Further, high-risk disease was treated more frequently with curative local treatment rather than androgen deprivation therapy alone, results also showed.
Matthew R. Cooperberg, MD, MPH, associate professor of urology epidemiology and biostatistics and the Helen Diller Family Chair in urology and Peter R. Carroll, MD, MPH, professor and chair of the department of urology at the University of California, San Francisco, conducted a study to examine trends in the management of localized prostate cancer within community-based practices.
Matthew R. Cooperberg
“A number of studies over the years, from our group and others, have documented consistent overtreatment of low-risk prostate cancer — that is, use of surgery, radiation and other treatments for tumors that would never cause any symptoms or loss of life expectancy had they never been diagnosed,” Cooperberg told HemOnc Today. “Active surveillance has been a mainstay of management for years only in a few selected academic centers, but has been increasingly broadly endorsed in recent years. No studies have yet documented updated treatment trends at the national level in the current decade, and this was our goal.”

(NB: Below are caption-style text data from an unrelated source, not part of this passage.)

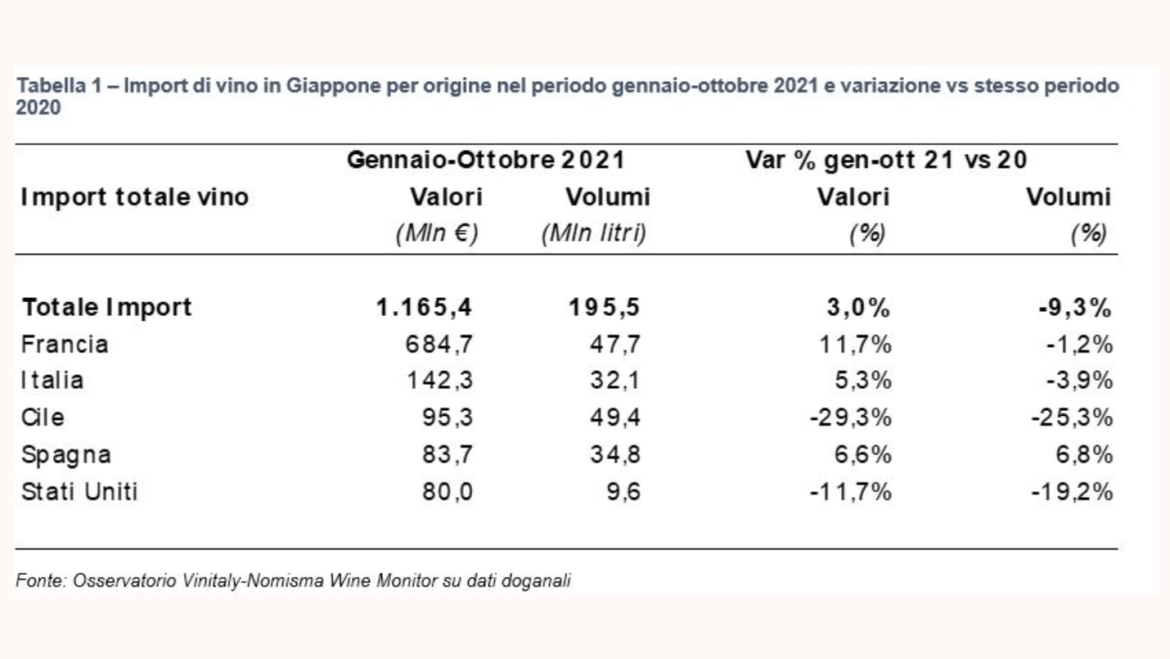 Miravalle 1926 è nel mercato vino del Giappone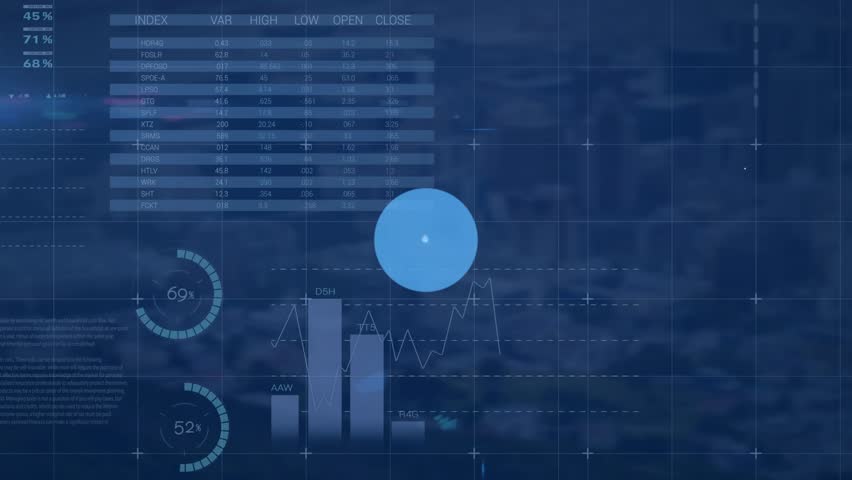 Animation of musical note and mobile icon's network connecting with lines against graph data. Digital composite, multiple exposure, connect the dots, telecommunication, social media, music, growth.
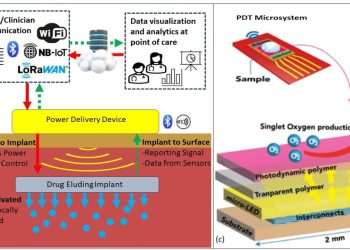 University of Glasgow develop new device to improve outcome of cancer treatment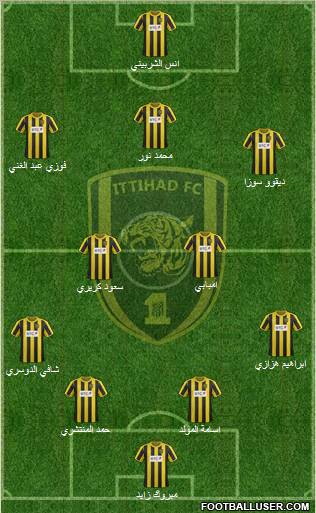 Al-Ittihad (KSA) Formation 2012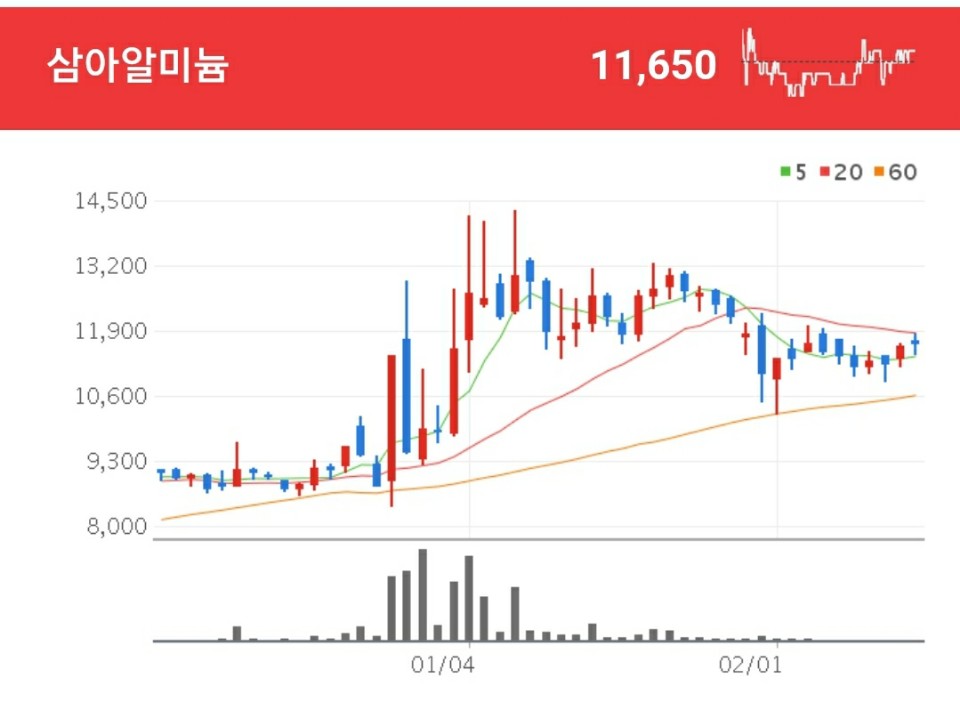 비철금속 관련주 - 삼아알미늄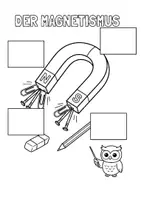 Vorschau - Arbeitsblätter - Der Magnetismus – Lern- und Arbeitsheft (DaF/DaZ, Grundschule) - Seite 3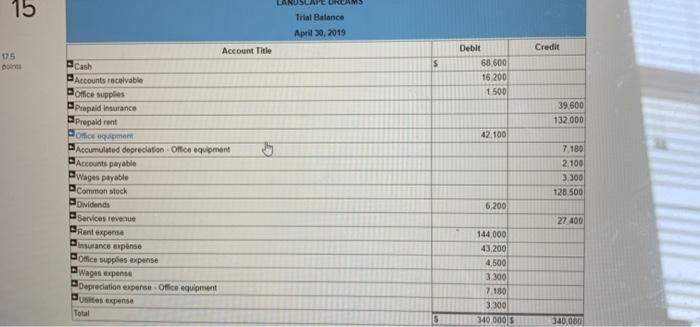 Sal Strods opened a web consulting business called Landscape Dreams and recorded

Researchers evaluated data from 10,472 men (mean age, 65.7 years; 87% white) in the Cancer of the Prostate Strategic Urologic Research Endeavor (CaPSURE), a national registry that has accrued data on men with prostate cancer diagnosed at one of 45 urology practices in the United States since 1995. All but three of the practices are community based. Men were enrolled retrospectively and prospectively before 1998, but only prospectively after 1998.
The men included had stage cT3aNoMo or lower tumors managed with prostatectomy, radiation, ADT alone or active surveillance/watchful waiting between 1990 and 2013.
The median Cancer of the Prostate Risk Assessment (CAPRA) score in the population was 2 (range, 1-4).
The use of surveillance remained low for those with low-risk disease — or a CAPRA score of 0 to 2 — between 1990 (6.7%; 95% CI, 5.8-7.6) and 2009 (14.3%; 95% CI, 10.3-18.3).
However, from 2010 through 2013, surveillance use among men with low-risk disease increased significantly to 40.4% (95% CI, 34.9-45.9; P ˂ .001 for trend).
“This is excellent news, because it suggests a major shift toward more appropriate, risk-adapted management of both low- and high-risk disease,” Cooperberg said. “I’m not sure we know the ideal rate of surveillance for low-risk disease — some men with low-risk disease may choose immediate treatment for a variety of reasons, eg, obstructive urinary symptoms and poor sexual function at baseline, severe anxiety related to family history, etc.”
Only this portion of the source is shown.